Lightspeed touts their no-roll foam that makes donning the headset simpler. While true, we felt this was a distinction without a difference once we got the knack of the other headsets. What we didnt like about the Mach 1 was that it was hard to get the earpiece to stay put on some heads. It would move just enough to put the mic too far away to pick up speech. Working with an instrument student with a head swiveling between aircraft traffic and watching their scan was the worst. No amount of repositioning the earpiece or the clip to hold the wire running to the controller would fix the problem.
For pilots who don’t have this problem, the Mach 1 is probably the best ITE not requiring custom earmolds (see sidebar). But for those who do, the Mach 1 is a non-starter. The problem might be fixed by ordering custom ear molds, but that adds about $300 ($100 for the trip to the audiologist and $200 for the installation from Lightspeed.) for the to the Mach 1s $450 price. Replacement foam eartips
are $15 for six.
Clarity Aloft
There are two versions of the Clarity Aloft ITE. We tried their $525 standard version, which differs only from the Pro version in the material for the headband, the fact that the Pro is TSOd and that the Pro costs $695. But if your cockpit requires a TSOd headset, the Pro is your only choice. Eartips for either are $25 for a pack of 12.
The Clarity Aloft headband is worn behind the head and over the ears only. You can bend the frame as needed to better fit your head, and there is an optional adjustment band that can put some clamping pressure on the band if you want it, or it can be slid forward to better grip the back of a smaller head. The eartips screw on to short tubes that don’t snag or tangle easily. Overall the unit feels robust. Clarity Aloft must agree as they have a three-year warranty.
There is a music input on the volume controller, but it doesnt auto mute. Instead, its set so music input is always at a fraction of the radio intercom volume. This worked OK in practice, but it limits the volume-setting flexibility. Sound quality was good, but we think the Halo has clearer voice and the Mach 1 richer music.

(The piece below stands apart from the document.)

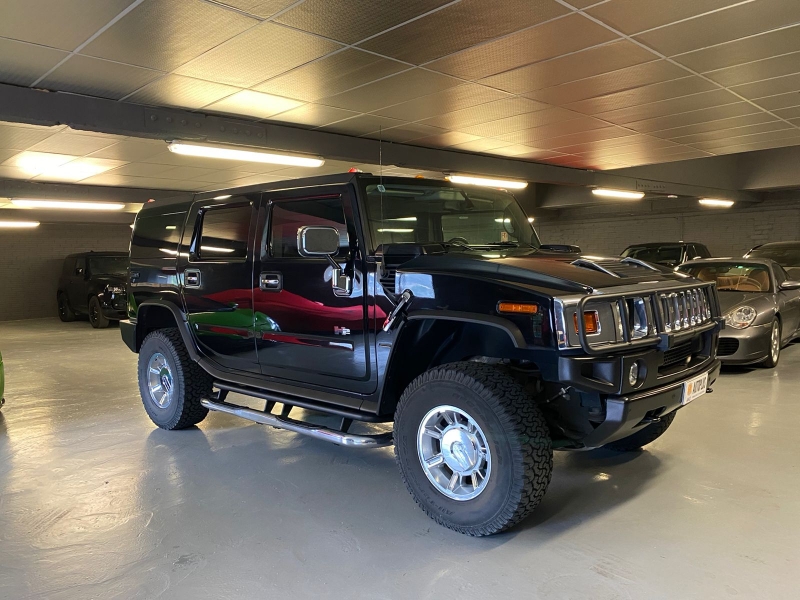 Hummer H2 6.0 V8 «Автоматический»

Some testers reported the over-the-ear portion of the Clarity Aloft was uncomfortable or “heavy-feeling.” One had to remove it after two hours as it was too uncomfortable. We asked Clarity Aloft about this and they agreed some users experienced this, and a few had fashioned their own sleeves for the headband to
fix it. Jo Abbott of Clarity Aloft pointed out their 30-day money-back guaranty that allowed people to test this for themselves.
Worth a Try
Actually, all three of these manufacturers offer 30-day trials, which is a real plus as ITEs are a different paradigm and take some getting used to. (You can keep the used eartips; no charge.) We think the perfect ITE candidate is someone who flies long legs where clamping pressure is an issue and ease of donning isn’t-and who don’t require the all-encompassing quiet and clarity of a Bose A20 or a Lightspeed Zulu. The ITEs still arent quite there, but they offer equal or better noise reduction than the most mid-level or lower ANR headsets.
A passenger who just doesnt like headsets is another candidate, so long as they understand how to put the eartips in. Children, who don’t fit we’ll in traditional headsets, are a third. The authors eight- and ten-year-olds strongly favored the Halo using the included small/pediatric eartips. Too bad he cant keep the test units.
For sometime passengers or kids, the Halo is squarely our top pick for an ITE headset. For pilots, or a passenger who must have private music or phone, wed lean to the Mach 1-if that person can get a good fit on the left earpiece. But even as a primary headset for pilots, we still think the Halo is a great value.